Cette campagne combinait deux approches:

 l’envoi par des citoyens européens de demandes d’accès à l’information à des fabricants et l’évaluation des réponses reçues;

 la réalisation d’analyses de 93 produits de consommation courante pour déterminer leur teneur en substances chimiques dangereuses.

Au total, 158 requêtes d’informations ont été envoyées à 60 détaillants/marques basés dans 5 pays européens1. 75% des «retours» ne répondaient pas aux exigences minimales de REACH(enregistrement, évaluation, autorisation et restriction des produits chimiques) et seules 22% d’entre eux présentaient des réponses adéquates, avec, il faut le souligner, de la part de certains détaillants la volonté d’une véritable proactivité pour la gestion des substances chimiques. Lorsque l’on classe les résultats par pays, la Belgique fait, avec la Hongrie, figure de mauvais élève puisque dans les deux cas 70% des demandes d’informations sont restées tout simplement sans réponse – alors que le taux de réponses atteint 81% et 62% respectivement aux Pays-Bas et en Allemagne! La qualité des réponses a également été analysée par le BEE – la perle revient à C&A Benelux qui a répondu par un « ? » à une demande d’information. UN SEUL fabricant a pris la peine de donner des informations pour utiliser le produit de manière sûre (Gala, en Hongrie).

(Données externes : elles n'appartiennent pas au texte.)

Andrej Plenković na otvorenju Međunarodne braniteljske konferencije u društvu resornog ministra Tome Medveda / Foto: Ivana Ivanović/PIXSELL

Les résultats des analyses en laboratoire montrent, quant à eux, une large utilisation de SVHC dans des produits de consommation courante – y compris des objets coquins dont les teneurs en phtalates atteignaient jusque 63% du poids total du produit ! Ces additifs ont par ailleurs été trouvés dans plus de la moitié des produits testés, dont des produits régulièrement utilisés par les enfants comme des chaussures, des crayons, des gommes et des jouets de bain ainsi que des produits d’intérieur (papiers peints).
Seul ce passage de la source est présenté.